A DevOps Automated Governance Story - Knight Capital
What is Knight Capital
Knight Capital Group, Inc. was a global financial services firm that operated in the world's premier market-making, electronic execution, and offered side platform. It was one of the leading market makers in the nation, with more than 1,800 registered representatives serving approximately 31,000 active retail brokerage accounts. Knight provides access to an array of equity, equity options, fixed assets.

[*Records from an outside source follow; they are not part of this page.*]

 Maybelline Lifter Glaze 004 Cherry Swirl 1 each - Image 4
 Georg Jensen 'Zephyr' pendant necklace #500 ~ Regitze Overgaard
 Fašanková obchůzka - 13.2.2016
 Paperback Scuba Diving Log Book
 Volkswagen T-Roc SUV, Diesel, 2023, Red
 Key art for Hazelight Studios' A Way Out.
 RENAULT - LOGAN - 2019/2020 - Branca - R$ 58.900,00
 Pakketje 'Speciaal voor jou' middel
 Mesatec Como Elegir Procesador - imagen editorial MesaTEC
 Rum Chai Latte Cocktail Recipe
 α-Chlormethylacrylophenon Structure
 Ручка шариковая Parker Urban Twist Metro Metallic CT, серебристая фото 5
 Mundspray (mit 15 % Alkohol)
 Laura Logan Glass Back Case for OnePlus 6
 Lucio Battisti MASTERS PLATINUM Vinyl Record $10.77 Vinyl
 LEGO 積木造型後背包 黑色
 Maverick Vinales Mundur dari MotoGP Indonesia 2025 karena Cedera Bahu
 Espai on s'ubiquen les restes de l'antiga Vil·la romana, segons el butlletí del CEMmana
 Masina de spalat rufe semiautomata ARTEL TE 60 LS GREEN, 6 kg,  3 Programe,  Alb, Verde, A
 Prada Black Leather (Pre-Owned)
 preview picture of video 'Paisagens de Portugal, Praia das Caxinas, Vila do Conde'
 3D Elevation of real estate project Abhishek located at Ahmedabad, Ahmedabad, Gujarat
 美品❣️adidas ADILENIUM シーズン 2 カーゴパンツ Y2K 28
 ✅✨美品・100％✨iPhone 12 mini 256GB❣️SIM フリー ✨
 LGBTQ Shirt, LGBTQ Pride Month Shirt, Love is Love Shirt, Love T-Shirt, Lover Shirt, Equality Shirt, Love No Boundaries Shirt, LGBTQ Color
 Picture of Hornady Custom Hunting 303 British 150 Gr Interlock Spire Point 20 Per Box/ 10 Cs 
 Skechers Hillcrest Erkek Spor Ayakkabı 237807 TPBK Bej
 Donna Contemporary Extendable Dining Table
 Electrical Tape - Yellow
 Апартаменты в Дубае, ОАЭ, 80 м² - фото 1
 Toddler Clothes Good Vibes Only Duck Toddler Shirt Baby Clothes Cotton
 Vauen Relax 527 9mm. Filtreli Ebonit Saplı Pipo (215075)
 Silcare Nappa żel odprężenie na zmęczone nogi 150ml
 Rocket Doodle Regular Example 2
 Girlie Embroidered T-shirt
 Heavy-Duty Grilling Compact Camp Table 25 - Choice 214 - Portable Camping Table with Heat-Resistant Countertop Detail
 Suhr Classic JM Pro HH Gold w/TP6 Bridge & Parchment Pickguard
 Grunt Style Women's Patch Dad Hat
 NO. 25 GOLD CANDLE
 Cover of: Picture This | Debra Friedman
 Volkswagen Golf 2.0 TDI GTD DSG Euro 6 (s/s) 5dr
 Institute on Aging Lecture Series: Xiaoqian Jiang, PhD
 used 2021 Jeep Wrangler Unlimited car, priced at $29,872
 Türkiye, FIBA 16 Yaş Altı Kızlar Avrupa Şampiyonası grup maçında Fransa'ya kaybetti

Who is Knight Capital's biggest competitor
They compete with: Goldman Sachs, UBS Investment Bank, and Morgan Stanley. Knight Capital made money through making markets in equities and equity options, electronically executing trades on behalf of broker-dealers, high-frequency trading firms, and institutional investors, and facilitating cash transfers between securities exchanges.
Why did they fail
On August 1, 2012, the company's employees made a system upgrade related to a new Retail Liquidity Program (RLP) called SMARS. This caused Knight's US platform to produce faulty code, which resulted in it placing errant trades on NYSE-listed stocks. Knight Capital was not able to prevent the malfunction from occurring. Over the course of 45 minutes, SMARS routed millions of orders into the market, which resulted in over 4 million executions in 154 stocks, representing over 397 million shares. By the time Knight stopped sending orders, they had a net long position in 80 stocks worth approximately $3.5 billion and a net short position in 74 stocks worth roughly $3.15 billion. Knight ultimately lost over $460 million due to these unwanted positions.
The Details
The deployment of the new RLP code in SMARS was intended to replace older code running on eight servers. However, the old code was still on all of the servers. Previously, the older code had been used for functionality called "Power Peg," which Knight had discontinued using many years earlier. Even though the Power Peg functionality had not been used in years, it was still accessible and callable at the time of the August 1, 2012, RLP deployment. The new RLP code also used a previously utilized flag to activate the Power Peg code. As part of the upgrade, Knight planned to remove the old Power Peg code so that new RLP functionality rather than Power Peg would be activated when this flag was turned on. In 2003, Knight stopped using Power Peg. However, in 2005, the old Power Peg code was repurposed to a different entry point of the SMARS code sequence. According to the Securities and Exchange cease-and-desist proceedings, this Power Peg code was not retested after moving it to see whether the application would still work properly if utilized. During the installation of the new RLP code, the code was only deployed to seven of the eight servers. The Securities and Exchange Commission's cease-and-desist proceedings emphasized that a second technician did not review the change. In DevOps parlance, there was no peer review on the merge request. There were no established procedures in place that required such a review. In the end, orders sent to the eighth server that had the old code and the repurposed flag began sending erroneous orders, causing one of the largest High-Frequency Traders (HFT) to end up with a $460 million loss within 45 minutes and bankruptcy in 24 hours.
Lessons Learned
The following is a summary of the Securities and Exchange Commission's cease-and-desist order dated October 16, 2013.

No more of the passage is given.